With over 35 years of gaming experience, Robert ‘DesertEagle’ Allen is Tech-Gaming’s resident worrier/warrior who spends his days teaching at three colleges and his nights devoted to JRPGs.

30 comments

  1. I really liked the demo, even though it froze up on me 3 times.

    Nice feel to the combat.

  2. Am I the only one who didn’t follow the storyline? It was a little confusing for me.

    Other than that I liked the feel of the game. Dialog was good and mostly optional. I’ll probably pick this one up.

  3. Glowing previews lead to ‘just ok’ or ‘bad’ reviews. I’ll wait before dropping any money on a preorder.

    • From the demo, I’d say this won’t be getting less than 80, 8.0 or B’s from most outlets that care about fair reviewing. Which means if D-toid needs hits, Sterling could get all 3.0 on Reckoning.

      • Someone is going to complain about it using the same fantasy stereotypes, I can just feel it.

      • If you’re taking Jim Sterling (or Destructoid) seriously, then you’re doing it all wrong. Its suposed to be irreverent and HUMOROUS.

    • Hopefully, you guys will reviw it before it luanches.

  4. The action felt a little too arcadey too me. Ripping through boxes and crates felt too GoW.

  5. Skyrim seemed to want to create this realistic world where dragon and magic happen to exist. Amalur just says, “Fuck it” have fun. That’s really promising.

  6. “Building on the experience gained from crafting PC pleasers such as Rise of Nations and the Asian Dynasties expansion for Age of Empires III, Big Huge Games has undoubtedly taken on an immensely ambitious project.”

    What about 38 Studios?

  7. I’m really rooting for these guys to deliver in a big way. I can wait until Feb. 7th.

  8. I picked up Dark Souls this weekend, after hearing the whole industry gush about it. I might well be a great game, but it’s not FUN to play. I should have put the money toward Reckoning.

    • Yeah, I feel the same way. I’ve tried picking it up at least 4 times and getting frustrated each damn time.

  9. say what you want about draw distance, but the camera is the demo was actually pretty good and barely got in the way.

  10. I haven’t played the demo so excuse the ignorance.

    How does leveling work in Reckoning? Do items gain experience?

    • From what I could tell it was pretty standard. Killing things gave you XP. New levels meant more skills. Skyrim’s system has yet to be beat.

  11. I haven’t read a single R.A. Salvatore book. (don’t judge).
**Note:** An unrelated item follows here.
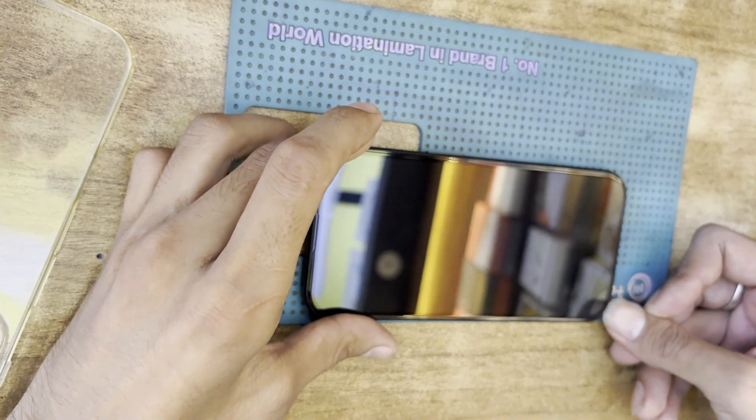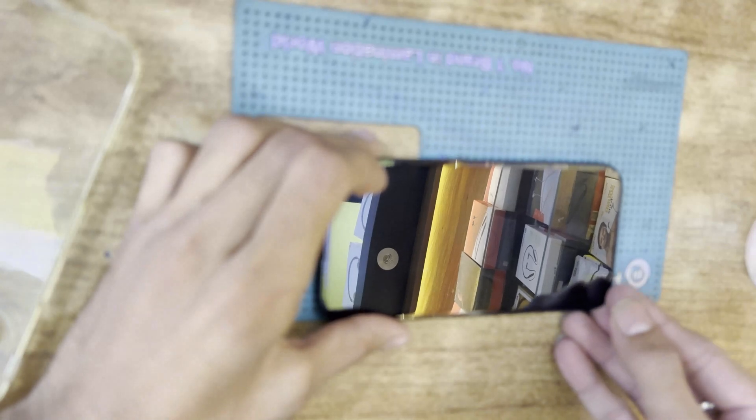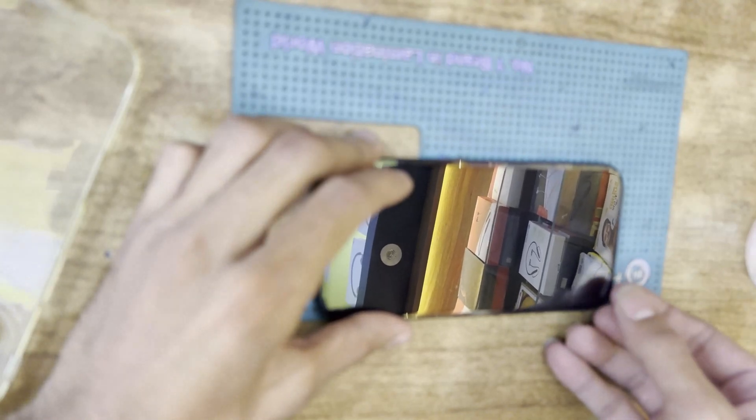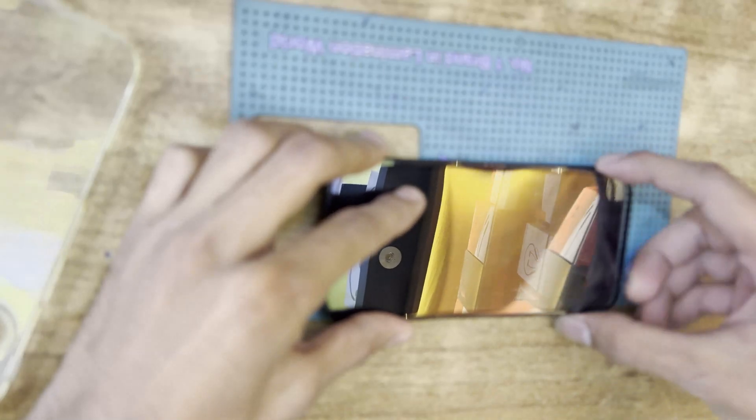To remove the tempered glass from your iPhone 16 and 16 Plus, you can simply use any sharp object like a nail or a clipper, and then press it from the edge of the screen.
Looking forward to this, I want to read one. Are there any that go along well with Reckoning.

  12. Does the main character talk in later builds?

  13. I noticed on your carousel that you have 3 RPGs (out of 5). Have you guys ever had 5/5?

  14. Tim the Enchanter

    Thanks guys. I wouldn’t mind a weekly preview from you in addition to the reviews.
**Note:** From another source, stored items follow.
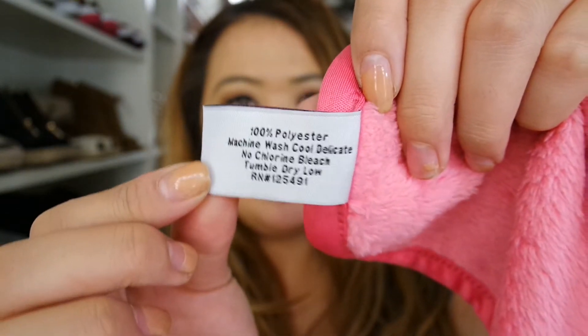Just to give a little bit more info on the actual cloth: it's made out of 100% polyester. You can machine wash it on delicate — the instructions are right there. So I'm going to add water and let's test this baby out.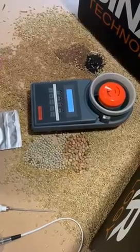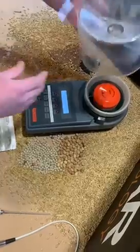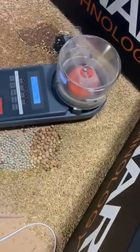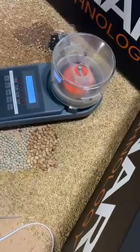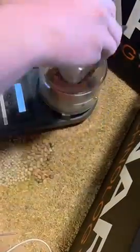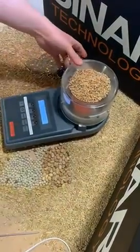Once that's done, that timer will start to count down and this is when we need to add in our sample. Using a hopper, place it on top and place in the sample. Release the hopper.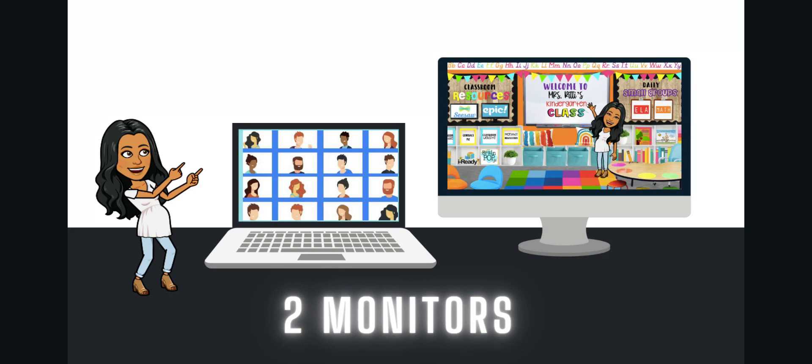It doesn't have to be expensive to have two monitors. I got my second monitor at Goodwill for $10. If you just call around your local thrift stores and ask if they have an extra TV screen or computer monitor, you can hook those up to your laptop and voila, you have the perfect setup to monitor your class and share your screen on two computers. This is honestly a lifesaver. If you're using a desktop and a laptop, choose one to display your students and present your lessons on the other screen.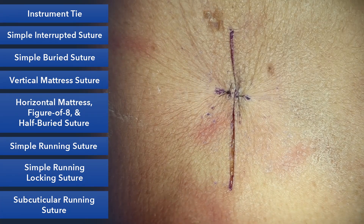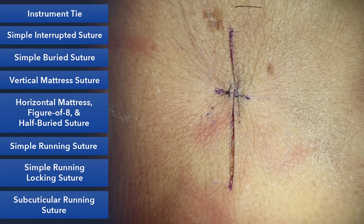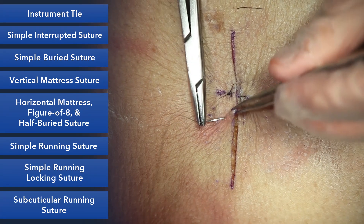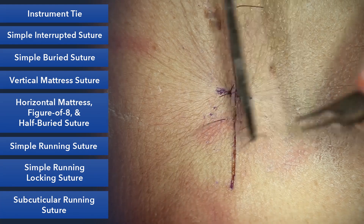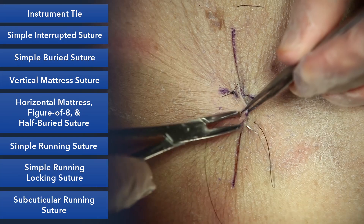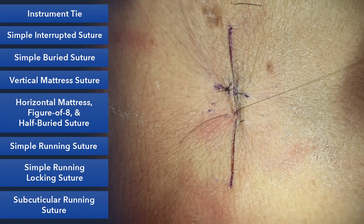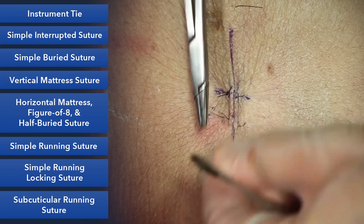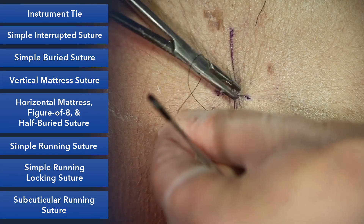Let me show you that one more time. It's a vertical mattress suture — far, far, near, near — and as you tie it down, decide how much tension you need to evert your skin edges and hold things together.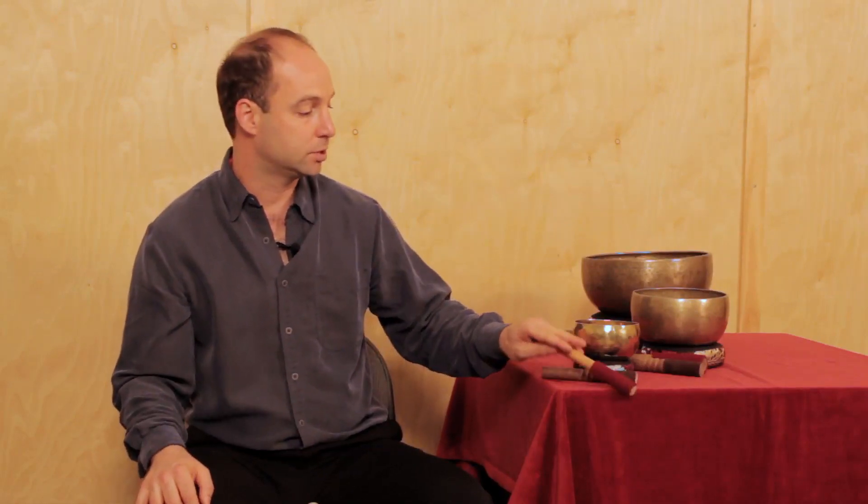Hi, I'm Joseph Feinstein, founder of Himalayan Bowls, and here are some playing instructions so you can get the most out of your singing bowl experience. Every singing bowl purchased from Himalayan Bowls comes with two playing mallets and a decorative cushion. Let's start with a small singing bowl and I'll show you how to play.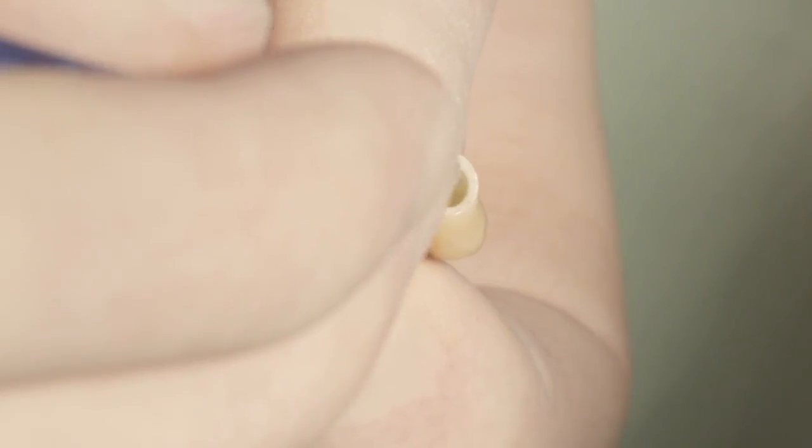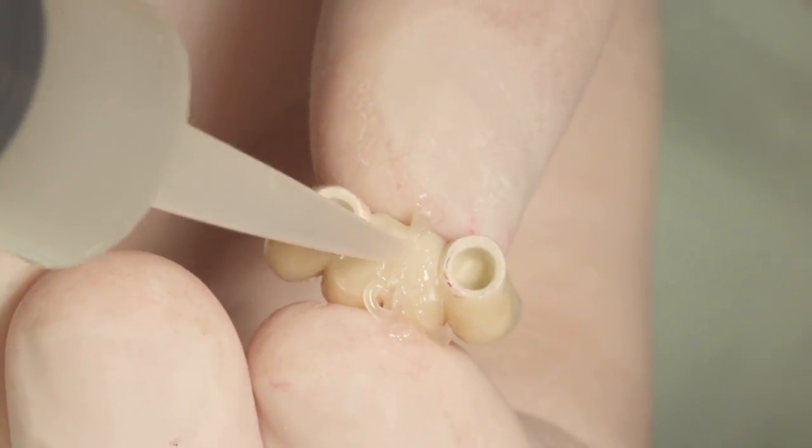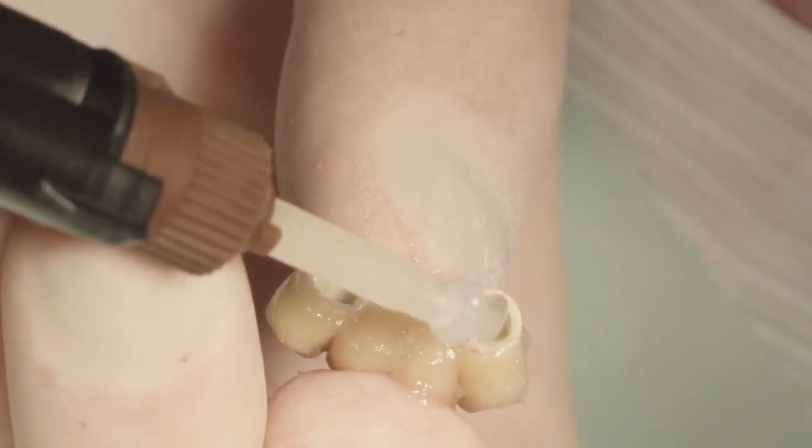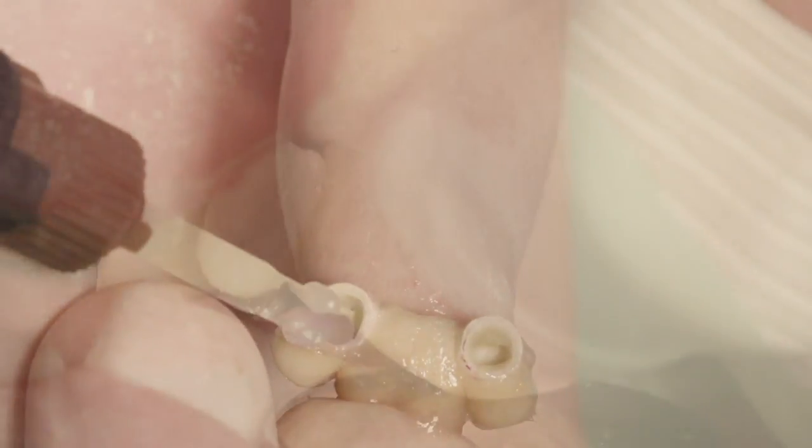A silane solution is applied to the bores of the prosthesis, and Vaseline is applied to the ridge side of the prosthesis to facilitate the removal of any extraneous cement. Minimal cement is applied to the bores prior to inserting the prosthesis in the mouth.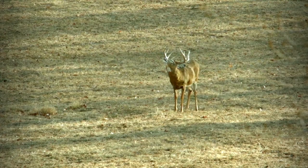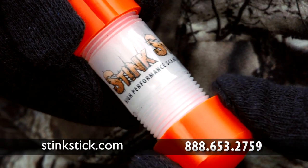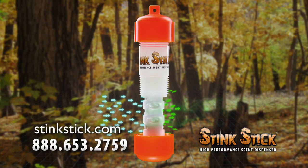And that means more deer smell your scent. StinkStick holds any scent and, thanks to tapered threads, is totally leak-proof. Disperse more scent, attract more deer with StinkStick.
  15. Wasn’t expect much from the demo, because I barely heard of the game. Figured it had mages and rangers and stealing which is good enough for me.

    Tried it and really liked it. Combat feels real good and more importantly it’s fun. Never really like Skyrim’s battles.
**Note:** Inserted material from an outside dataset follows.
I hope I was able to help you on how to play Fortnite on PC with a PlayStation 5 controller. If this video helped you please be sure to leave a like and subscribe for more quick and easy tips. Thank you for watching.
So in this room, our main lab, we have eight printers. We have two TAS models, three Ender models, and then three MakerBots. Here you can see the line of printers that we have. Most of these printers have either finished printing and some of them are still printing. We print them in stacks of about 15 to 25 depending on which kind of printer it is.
  16. I’ll be be grabbing this on launch day. I can’t wait.

  17. Cybernetic LoveElf

    How recent was the demo. I liked the game but if definitely bad a few graphical issues. Nice long demo with lots of giveways attached is a great way to get your name out there.

  18. Downloaded the demo last night and two hours later, I’m sold. Great combat, good voices, and pretty decent graphics.

  19. Just put $5 down last night. The Gs clerk didn’t know anything about pre-order bonuses 🙁

    Can you tell us more about them?

  20. I could be in the minority here, but I thought the conversations slowed things down. Its clear they tried to make combat faster without become the button mash-mess that was Dragon Age 2 but dialog just isn’t that fun. Selecting options just alters the flow of info in most cases. It would be fun if you could really offend NPCs and maybe pick fights or get them to join you.

  21. I really hope the IRS gets my refund to me so I can buy this.

    Pitting my faith in the speed of the government seems like it might end in failure, though.

  22. You may not compare it to Skrrim, but your “You might also like” widget does. Hmmm.